Kim Echlin wins $10K Toronto Book Award for novel Speak, Silence
Vicky Qiao | | Posted: October 6, 2021 3:55 PM | Last Updated: October 6, 2021
Kim Echlin has won the 2021 Toronto Book Award for her novel Speak, Silence.
Established by Toronto City Council in 1974, the prize annually recognizes literary works in all categories that are inspired by the city of Toronto.
Echlin will receive $10,000 for her win.
Speak, Silence is about a resilient sisterhood and tells the story of a history-shaping trial. The novel follows Gota, a Toronto journalist, as she travels to war-torn Europe to reunite with her former lover and report on a film festival in Sarajevo. She ends up encountering a community of women determined to confront their abusers. Echlin explores the horrors of the Bosnian war through the stories of systemic and generational sexual assault.
Echlin is the author of novels Elephant Winter, Dagmar's Daughter, Under the Visible Life and The Disappeared, which was shortlisted for the Scotiabank Giller Prize and won the Barnes & Noble Discover Great New Writers Award for Fiction.
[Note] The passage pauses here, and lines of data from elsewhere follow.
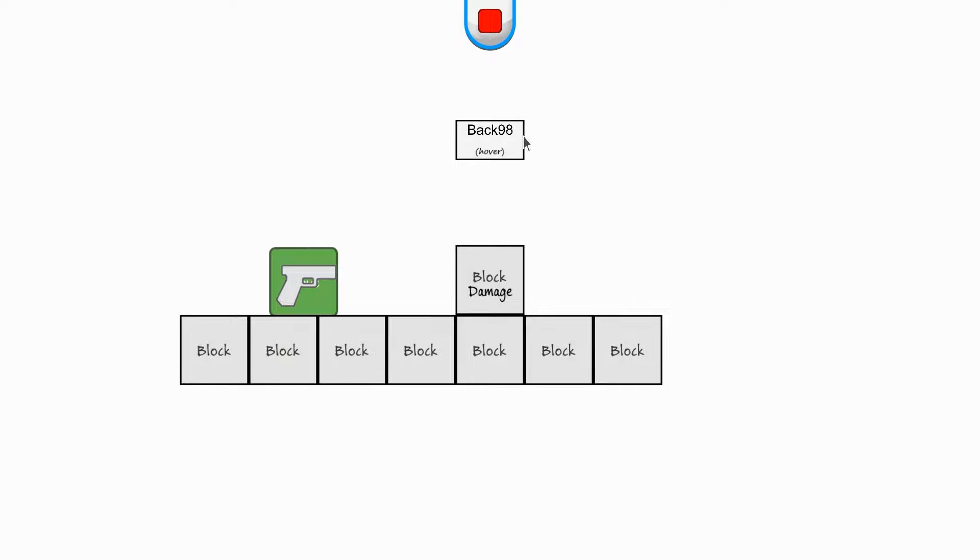So there, it already went back above 80 so it re-healed itself. And it went back up to 120 for the maximum value.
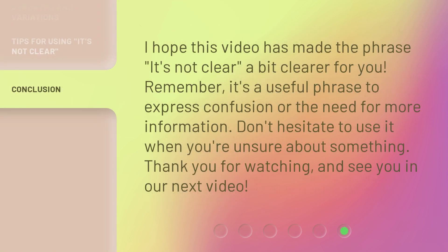I hope this video has made the phrase 'it's not clear' a bit clearer for you. Remember, it's a useful phrase to express confusion or the need for more information. Don't hesitate to use it when you're unsure about something. Thank you for watching, and see you in our next video. Bye-bye.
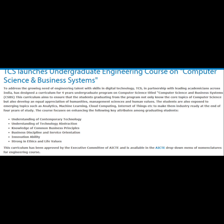This curriculum aims to ensure that students graduating from the program not only know the core topics of computer science, but also develop an equal appreciation of humanities, management sciences and human values. The students are also exposed to emerging topics such as analytics, machine learning, cloud computing, Internet of Things, etc., to make them industry-ready at the end of four years of study.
She's also won the CBC Nonfiction Prize. Echlin lives in Toronto.
Speak, Silence was chosen from 93 submissions, which was narrowed down to six finalists. Each finalist will receive $1,000.
The other titles on the 2021 shortlist were journalist Justin Ling for his nonfiction book Missing from the Village, playwright and performer Catherine Hernandez for the novel Crosshairs, Catherine Graham for the poetry collection Æther: An Out-of-Body Lyric, Faye Guenther for the short story collection Swimmers in Winter and University of Toronto professor Rinaldo Walcott for the nonfiction book On Property.
The 2021 jury was made up of Geoffrey E. Taylor, Christine Miskonoodinkwe Smith, Andy Stanleigh, Angela Wright and Sanchari Sur.
Journalist and activist Desmond Cole won last year for his memoir The Skin We're In.